Nel 2020, come presidente in carica Vjosa Osmani, era stata aspettata fredda da Edi Rama in visita ufficiale a Tirana. Fino al discorso di Osman, tenutosi nel Parlamento albanese, dove si opponeva all'epoca chiamato Balkan Eminsenenengen ix0> e Transit Road Tran, aveva spinto la reazione del primo ministro albanese, dicendo che Vjosa Osmani fece propaganda solo per i voti.
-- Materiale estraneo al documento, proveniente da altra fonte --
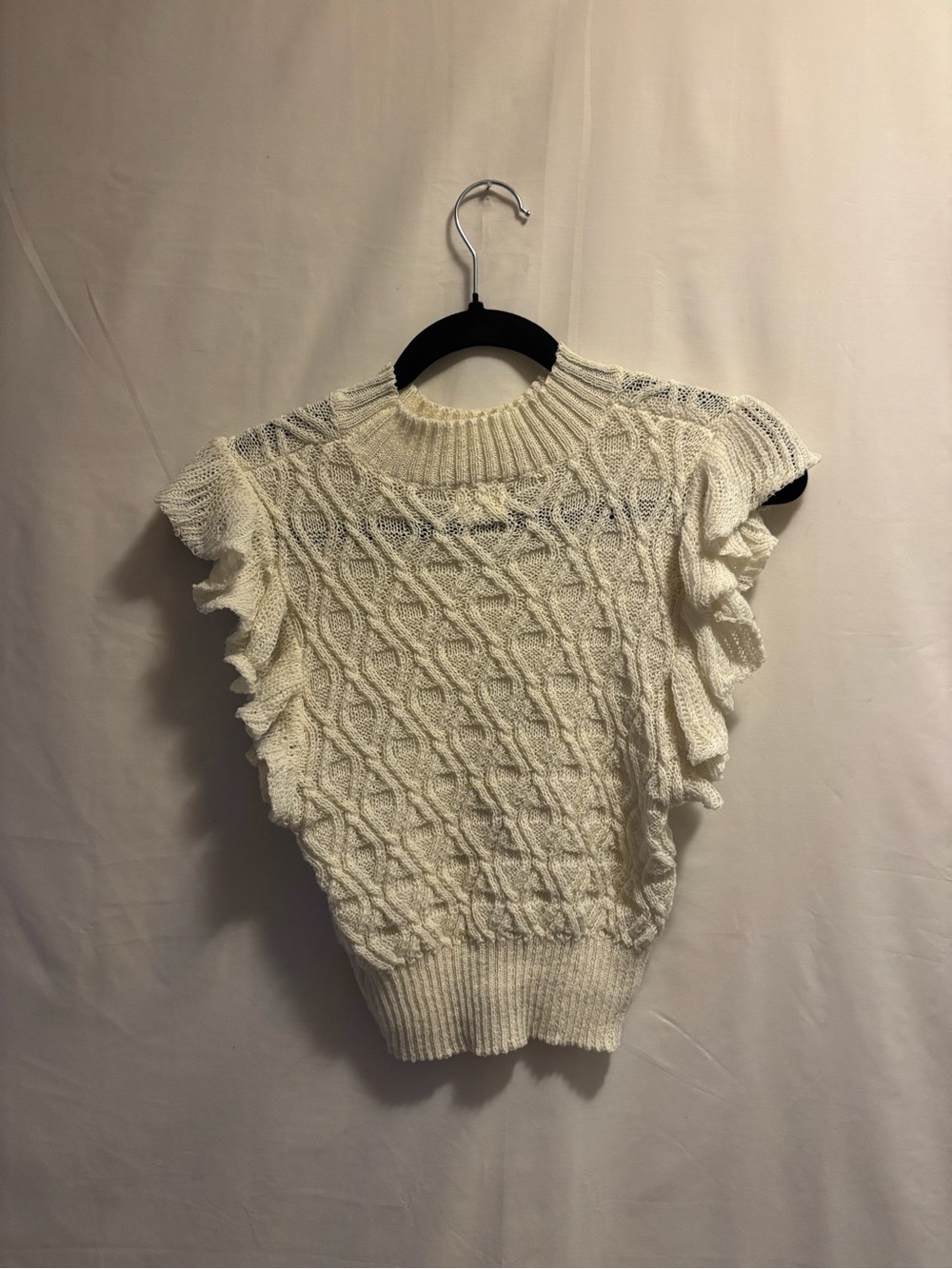 Cream Cable-Knit Ruffle Sleeve Sweater Top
Posso dire che il nostro obiettivo è stato certamente e rimane zero problemi con i vicini. Ma zero problemi vicini non significa nascondere problemi. Non è che abbiamo problemi, non abbiamo problemi con il Kosovo. Purtroppo, il Kosovo ha problemi con se stesso, e se posso fare una definizione, per qualche tempo la politica interna è diventata politica estera e che la politica estera è diventata interna. Questo ha esaurito il Kosovo. È un problema che vedo con molta preoccupazione che ho affrontato costantemente in tutte le mie conversazioni con i leader del Kosovo. Ho provato pubblicamente senza voler gravare su nessuno. È tipico di quello che accade con l'accesso a Schengen regionale, dove uno dei pilastri della politica estera che si occupa della politica regionale è diventato come la roccaforte di Rosafa in Kosovo. Per me, è impensabile che un governo legittimo firmi la volontà dello stato del Kosovo alla Casa Bianca per lo Shengen, e un presidente in carica appare in Albania per fare la politica interna con questo. Ancora più impressionante è il dibattito ferroviario. Viene presentato il fascio di pagamento stradale come un confine solido per il Kosovo. Questo è fare politica con un problema amministrativo con il paese confinante -- per venire a Tirana -- per fare propaganda per vincere i voti in Kosovo. Quel raggio non c'è confine tra l'Albania e il Kosovo. Se per Lady Vjosa la patria è il Kosovo e l'Albania. Questo fascio è nel mezzo della patria e deve pagare tutti i nativi, Edi Rama aveva dichiarato.